Мы отправились в Прадо. Это супермузей — не музей, а торт с кремом, слишком плотный, чтобы переварить. От Веласкеса я бросался к Эль Греко, от Эль Греко — к Гойе, потом к фламандцам, от них к итальянцам, потом снова к фламандцам — уж очень они хороши! Веласкес, как мне кажется, великолепный зануда, открывший позу и экспрессию. Гойя поразил меня своей техникой — я даже не подозревал о его удивительном даре, смелом, решительном мазке. Он даже превосходит Эль Греко или Веласкеса. Великий дух — гений и социалист. Защитник бедных. Сильное негодование, эмоциональность в «Расстрельной команде», его шедевре. Тонкая и безжалостная сатира академических портретов — на них скоты в пышных нарядах.
Замечательный зал фламандских шедевров, из них самые выдающиеся — две картины Балдунга Грина: «Три грации» и «Три Смерти». Последняя мне кажется особенно глубокой, это ужасающе точный символ ловушки для человека[353]. Выражение на лице девушки отражает все глубокие жизненные привязанности, всех встреченных ею сластолюбцев и несомненное знание смерти. Она разгадала загадку, нашла ответ и все равно не может поверить в его неумолимую жестокость. Время и Старость — Смерть уже сейчас за ее плечами, и так будет до конца. Великолепный свет, внешний реализм, а за ним как бы галлюцинаторный подтекст придают этой картине невероятную силу Она жжет, замораживает, подобно раскаленной кочерге или ушату ледяной воды. В ней так мало религиозности и так много материалистического пессимизма, что она могла быть написана в 1920-е годы. Вневременная картина. Зловещая простота.
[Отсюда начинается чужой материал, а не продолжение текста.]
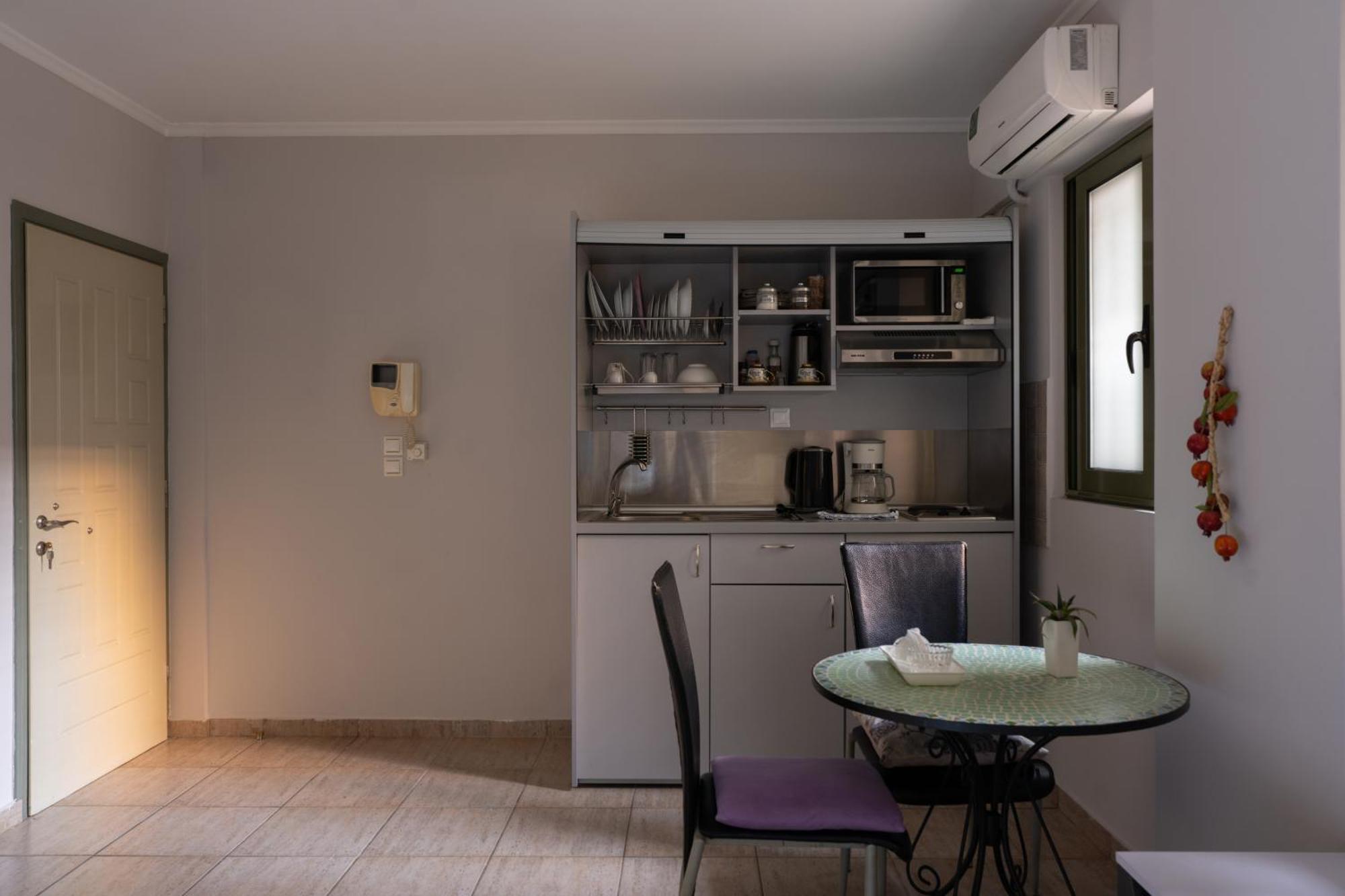 Central Studio - Fully Equiped. Ideal For Couples Patras Eksteriør billede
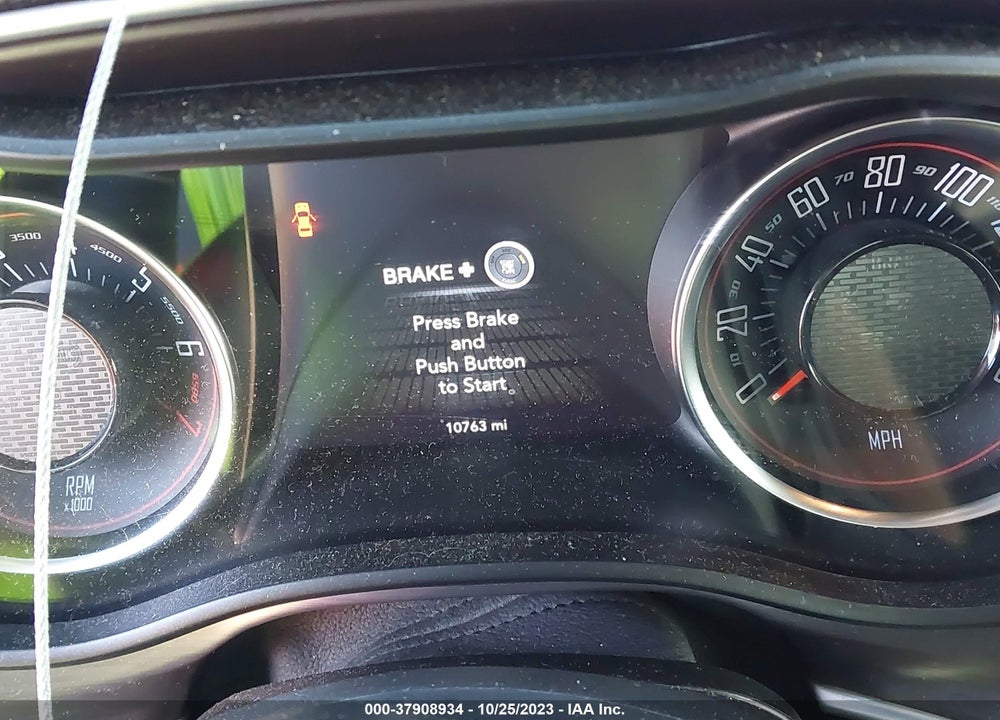 2018 DODGE CHALLENGER VIN: 2C3CDZAG4JH339699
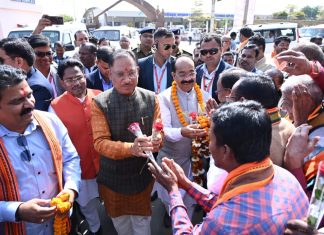मुख्यमंत्री के प्रथम बस्तर आगमन पर बस्तरवासियों ने चौक-चौराहों में पारम्परिक लोक नृत्यों और पुष्प वर्षा सहित शंखनाद से किया आत्मीय स्वागत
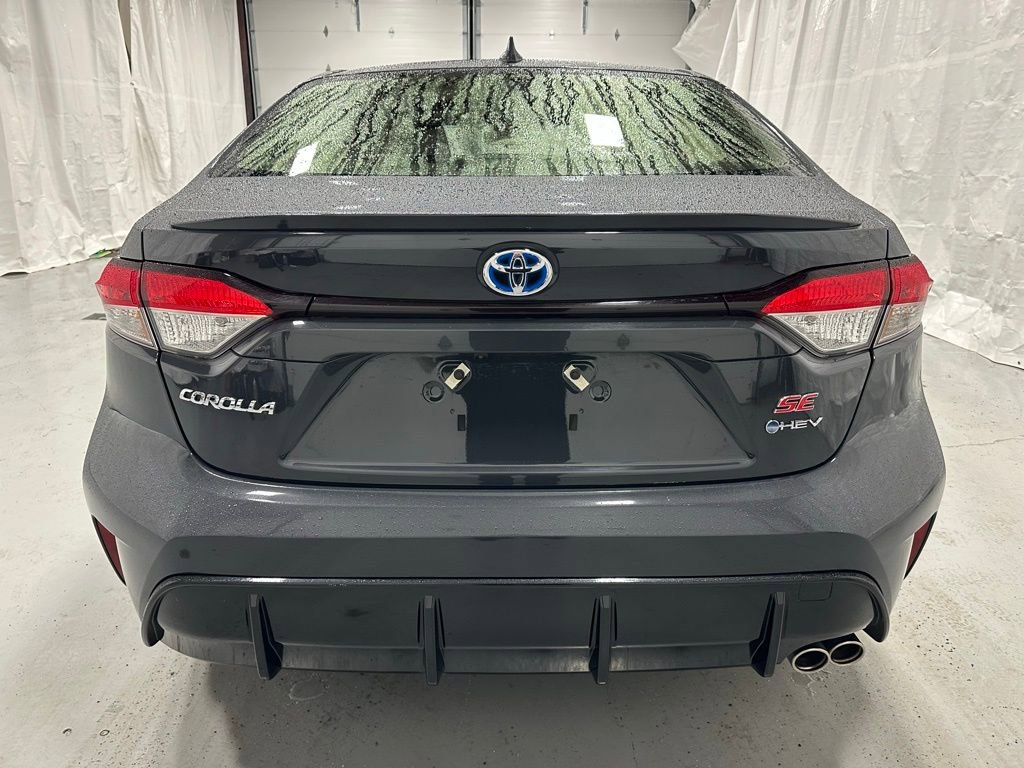 Used 2025 Toyota Corolla SE FWD image 6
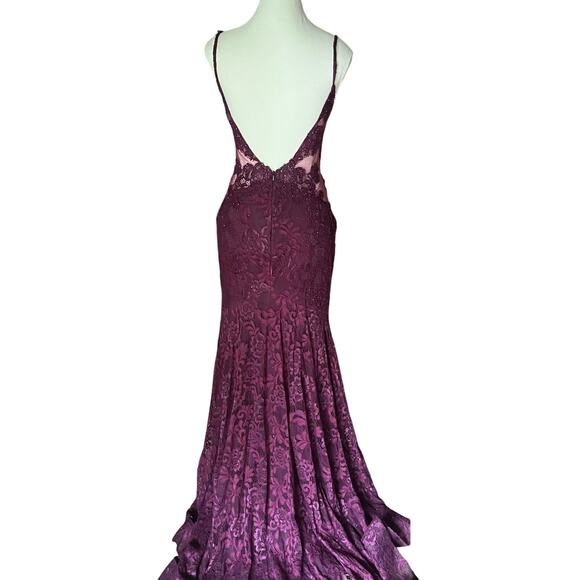 La Femme Women's 8 Dark Berry Deep V-neck Stretch Sparkle Embellished Lace Gown - Picture 8 of 16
(Детская одержимость временем. Полночь уже минула; сейчас, когда я пишу эти строки, начинается утро понедельника. Две недели назад, когда мы ехали ночью, она спала на моих руках, прижавшись ко мне всем телом. Я до сих пор чувствую ее прикосновение и еще — острую тоску. Мне почти хочется, чтобы в тот момент, когда мы были ближе всего друг к другу, нас настигла смерть.)
Андре, Поль, Клодин и я зашли в закусочную чего-нибудь перехватить. Я не очень люблю находиться в обществе этого вялого трио, избегающего молодых членов группы. Клодин по природе — всеобщая мать, прирожденная воспитательница, у нее печальные глаза спаниеля и — что сразу понимаешь — масса скрытых предрассудков. Странную жену выбрал себе Андре. Перекусив, мы пошли по безлюдному парку к зоосаду. Было жарко, и я засыпал прямо на ходу. Когда присели где-то выпить, я тут же вырубился, прямо на стуле. Мы отыскали остальных — тех, кто провел в Мадриде бессонную ночь, расположившись прямо на траве неподалеку от Прадо. Я подошел к ним и сел рядом с девушками, они расспрашивали меня о Греции. В этот раз — такое со мной бывает — я плохо говорил по-французски. От меня это не зависит, иногда я в форме, иногда — нет. Как будто со стороны я слышал свои погрешности в произношении, в грамматике. Иногда все происходит наоборот, и тогда я восхищаюсь беглостью и точностью своей речи.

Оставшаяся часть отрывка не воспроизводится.